Jon Cotton They receive hundreds a week. The fact is there is a LOT more music now than in Peel days. Bandcamp are getting 1000 sign-ups a DAY.


Neil Spragg That's the answer I didn't want to hear, Jon (but that I expected). Didn't John Peel make a point if listening to everything he got sent? It seems DJs have less interest in discovering their own interesting bands, rather being told who is interesting by some industry gimps.

Robin Valk That's not fair on the DJs. The problem - I speak as one who decades ago was one – is that the ones who really do care about new music are drowned in the volume of material. They do listen, and conscientiously at that. But you only have so much receptiveness to dish out.
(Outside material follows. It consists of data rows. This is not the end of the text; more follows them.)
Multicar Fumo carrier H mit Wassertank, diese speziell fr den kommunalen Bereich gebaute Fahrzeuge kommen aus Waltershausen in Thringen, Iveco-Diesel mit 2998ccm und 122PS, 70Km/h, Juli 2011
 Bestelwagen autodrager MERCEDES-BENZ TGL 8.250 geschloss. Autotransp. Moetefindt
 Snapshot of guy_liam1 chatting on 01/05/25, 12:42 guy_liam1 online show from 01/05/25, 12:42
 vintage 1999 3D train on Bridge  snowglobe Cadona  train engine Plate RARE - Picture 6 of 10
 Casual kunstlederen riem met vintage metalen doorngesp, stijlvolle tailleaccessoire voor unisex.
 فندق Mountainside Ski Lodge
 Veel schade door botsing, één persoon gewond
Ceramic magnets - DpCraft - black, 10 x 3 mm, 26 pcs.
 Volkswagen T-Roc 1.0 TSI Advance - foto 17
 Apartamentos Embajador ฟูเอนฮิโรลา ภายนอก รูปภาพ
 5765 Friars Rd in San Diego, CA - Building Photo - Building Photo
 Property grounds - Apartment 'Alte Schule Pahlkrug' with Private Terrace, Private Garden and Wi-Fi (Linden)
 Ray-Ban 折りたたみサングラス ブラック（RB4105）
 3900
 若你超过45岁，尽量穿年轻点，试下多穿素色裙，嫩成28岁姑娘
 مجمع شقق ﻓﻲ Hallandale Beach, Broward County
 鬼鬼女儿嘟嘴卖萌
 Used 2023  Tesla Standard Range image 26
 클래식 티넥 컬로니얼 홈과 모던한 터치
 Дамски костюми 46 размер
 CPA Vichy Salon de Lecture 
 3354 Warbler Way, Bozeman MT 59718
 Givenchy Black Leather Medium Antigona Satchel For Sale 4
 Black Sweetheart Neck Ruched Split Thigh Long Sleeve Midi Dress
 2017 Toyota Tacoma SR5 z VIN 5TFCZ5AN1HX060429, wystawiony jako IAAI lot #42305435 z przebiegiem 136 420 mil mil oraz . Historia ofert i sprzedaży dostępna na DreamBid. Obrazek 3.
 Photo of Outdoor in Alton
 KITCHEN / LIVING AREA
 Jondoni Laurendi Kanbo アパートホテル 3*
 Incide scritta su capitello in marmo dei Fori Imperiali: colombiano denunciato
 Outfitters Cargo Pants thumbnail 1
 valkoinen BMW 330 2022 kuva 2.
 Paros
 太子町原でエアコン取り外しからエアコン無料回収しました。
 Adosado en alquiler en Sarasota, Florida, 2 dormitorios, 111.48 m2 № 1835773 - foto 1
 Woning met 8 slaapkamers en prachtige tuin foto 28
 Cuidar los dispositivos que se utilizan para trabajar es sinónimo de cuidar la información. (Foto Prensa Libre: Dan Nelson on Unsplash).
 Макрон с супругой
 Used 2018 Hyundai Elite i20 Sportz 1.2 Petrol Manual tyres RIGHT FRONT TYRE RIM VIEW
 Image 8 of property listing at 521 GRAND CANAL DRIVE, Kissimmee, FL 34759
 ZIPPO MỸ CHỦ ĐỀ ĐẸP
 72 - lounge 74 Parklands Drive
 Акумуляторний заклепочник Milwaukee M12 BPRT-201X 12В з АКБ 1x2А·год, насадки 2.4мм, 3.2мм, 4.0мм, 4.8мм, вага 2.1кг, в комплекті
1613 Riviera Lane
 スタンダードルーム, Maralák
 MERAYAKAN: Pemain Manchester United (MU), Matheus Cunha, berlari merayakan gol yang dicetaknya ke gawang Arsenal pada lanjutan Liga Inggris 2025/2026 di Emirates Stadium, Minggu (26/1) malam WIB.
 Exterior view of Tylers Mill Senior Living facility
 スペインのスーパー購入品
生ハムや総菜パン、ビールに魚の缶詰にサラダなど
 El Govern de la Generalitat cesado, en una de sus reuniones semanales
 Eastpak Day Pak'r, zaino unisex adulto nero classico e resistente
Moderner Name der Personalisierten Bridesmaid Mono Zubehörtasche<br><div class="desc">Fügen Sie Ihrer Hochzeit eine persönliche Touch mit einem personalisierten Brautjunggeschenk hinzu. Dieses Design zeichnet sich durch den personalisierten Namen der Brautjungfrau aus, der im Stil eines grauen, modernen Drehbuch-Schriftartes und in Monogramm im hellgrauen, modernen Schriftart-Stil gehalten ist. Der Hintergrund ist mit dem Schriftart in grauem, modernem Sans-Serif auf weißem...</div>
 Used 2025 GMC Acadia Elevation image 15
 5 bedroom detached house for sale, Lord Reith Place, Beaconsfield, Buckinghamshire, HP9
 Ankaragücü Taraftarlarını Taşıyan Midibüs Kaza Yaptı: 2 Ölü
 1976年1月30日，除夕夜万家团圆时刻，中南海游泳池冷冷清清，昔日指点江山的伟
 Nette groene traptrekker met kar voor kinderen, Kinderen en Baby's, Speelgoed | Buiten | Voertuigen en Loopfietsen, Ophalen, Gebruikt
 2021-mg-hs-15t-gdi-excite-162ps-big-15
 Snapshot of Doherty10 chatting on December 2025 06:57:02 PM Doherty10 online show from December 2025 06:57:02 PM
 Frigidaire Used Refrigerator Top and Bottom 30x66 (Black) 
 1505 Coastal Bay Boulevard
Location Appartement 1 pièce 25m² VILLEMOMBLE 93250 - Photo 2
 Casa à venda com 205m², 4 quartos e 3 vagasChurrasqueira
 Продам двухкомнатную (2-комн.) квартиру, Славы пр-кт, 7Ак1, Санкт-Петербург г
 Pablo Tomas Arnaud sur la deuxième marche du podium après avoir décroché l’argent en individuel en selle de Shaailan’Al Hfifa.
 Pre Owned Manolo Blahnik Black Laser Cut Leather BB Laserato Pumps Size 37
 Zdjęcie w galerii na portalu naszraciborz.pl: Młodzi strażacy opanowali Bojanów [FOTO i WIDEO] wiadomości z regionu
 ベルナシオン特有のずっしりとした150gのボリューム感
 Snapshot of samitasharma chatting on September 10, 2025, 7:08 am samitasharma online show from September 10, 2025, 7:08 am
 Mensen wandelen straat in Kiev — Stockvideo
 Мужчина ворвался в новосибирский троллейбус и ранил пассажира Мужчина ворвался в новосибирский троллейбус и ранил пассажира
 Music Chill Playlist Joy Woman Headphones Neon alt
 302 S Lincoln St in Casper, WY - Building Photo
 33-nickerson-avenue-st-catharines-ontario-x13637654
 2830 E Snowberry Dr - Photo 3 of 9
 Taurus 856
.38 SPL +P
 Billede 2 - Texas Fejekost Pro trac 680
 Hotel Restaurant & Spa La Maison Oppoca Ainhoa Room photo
Forcing yourself to listen to too much stuff means blind spots and errors of judgment. You try listening to three hours of brand new material - and I am sorry to have to say this - some of which may well be badly recorded, badly presented, or just plain bad, and see how you feel. What always makes DJs sit up, though, is the fear that someone has spotted something they missed. 

Fred Laird Well, Stuart Maconie played us, twice. Not sure what we did - we just popped a cd in the post with a cover letter. But we've sent in stuff since then and had nothing, which is odd as the later albums and production was better. 


Stalking the DJ - Ethical or effective? 

southbham.cats.org.uk
Jon Cotton Penny McConnell got Gramophone (John Cotton's 90s band) played on Radio 3's Late Junction by giving a demo to one of the presenters at a gig where she knew the presenter would be. I know another, now rather famous, artist who had his big break because the plugger heard the DJ say on air he fancied a curry. The plugger took a taxi, with curry and CD, to Broadcasting House.

Richard March Try to strike up a personal connection. First time we got played by Peel was 'cos we went up to some gig he was playing and waited all night to doorstep him on his way out!

Robin Valk Yeah, but others will be trying the same trick, and it wears thin when it keeps being played on you. When I was a very green 24 something DJ, a plugger told me that George Harrison, no less, had specifically instructed that I be personally given this advance white label pressing on his Dark Horse label. Because he's heard my show driving through. Ha. I bought that - once. Then the penny dropped. That started to turn me into the hard-bitten unpluggable bastard I became later. And the trouble is all those jocks you want to reach have been fed that same kind of crap - for years. They are human beings too, and they don’t get any thanks for exercising editorial judgment, which is their job.... if it means you get knocked back. 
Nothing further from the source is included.